In New York City you can expect to pay 116.9% more for a property if you buy between Manhattan's Upper West Side and West Village.
The largest concentration of LGBT people is in the North Banker’s Hill area of San Diego. With the rate of same-sex households reaching 10% the area has also seen property prices rise. Here you can expect to pay 25% more for a property compared to other areas, with the average house price coming in at $792,400.
Why does it cost more to live in an LGBT neighborhood?
There could be many factors at play: Economically same-sex couples often have more disposable income as they tend to have fewer children than their heterosexual counterparts.
The areas often attract new, innovative, tech-based businesses and lend themselves well to gentrification. They are often seen as more relaxed, open-minded and accepting places to live.
However, there are negative effects on the phenomenon: The ability to live in these areas is impacted by many factors including income making them inaccessible for those who face other problems when it comes to maximizing their earning potential. This includes women, people of color and trans-gendered individuals.

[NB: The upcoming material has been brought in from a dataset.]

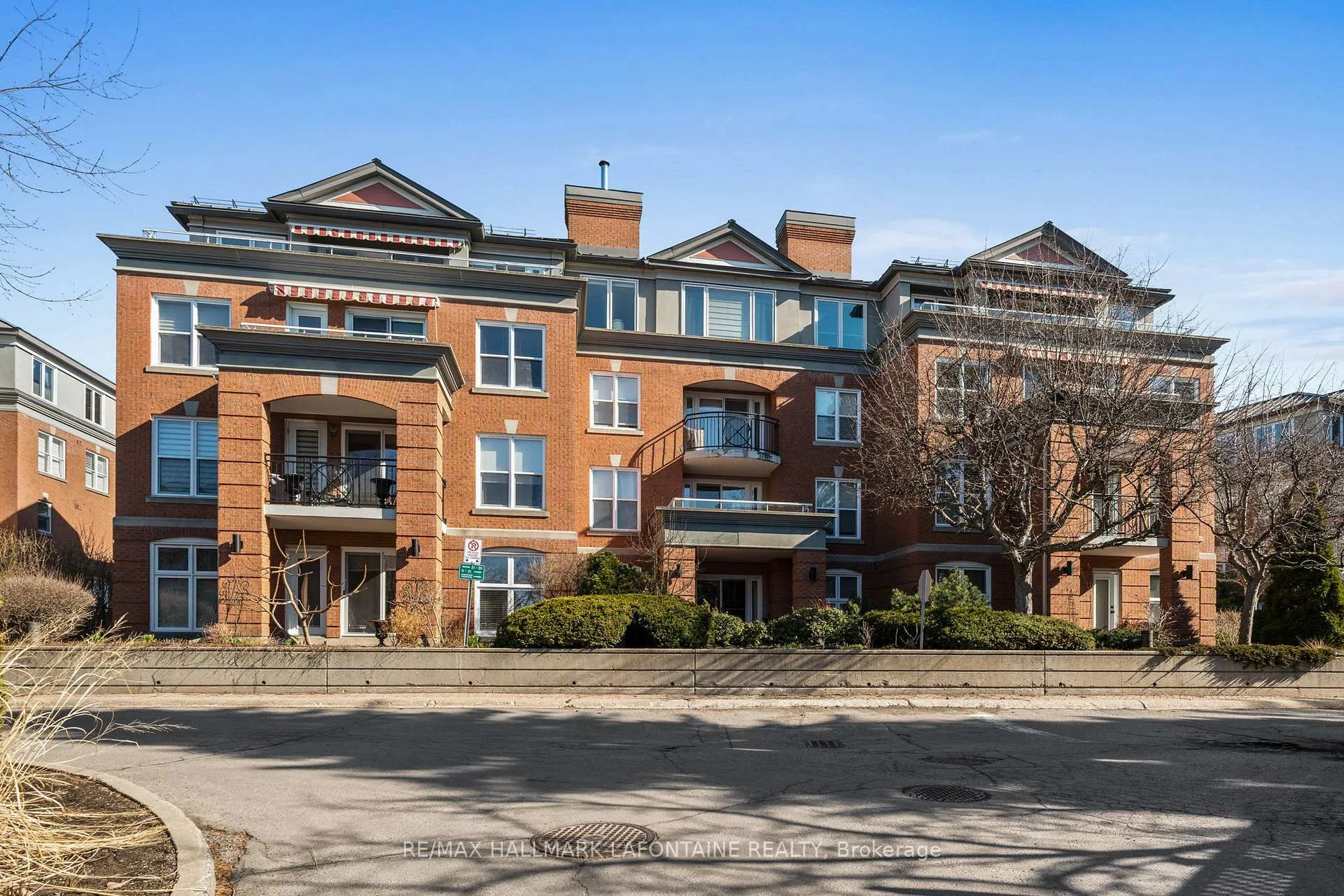 Photo 1 of Unit 101, 21 Durham Private, Ottawa, Lindenlea — HOMEH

It is not the first time the US housing market has experienced a similar trend. Back in 2012 after the crash there was a large premium to pay if you wanted a property in an LGBT neighborhood – on average properties were 29% more expensive and by 2017 this reached 37%, far above the recovered enjoyed by similar non-LGBT areas.
On the other hand places like Kansas City, San Antonia (TX) and Missouri seem to be bucking the trend with homes in the LGBT areas around 36% cheaper than in similar properties in other neighborhoods.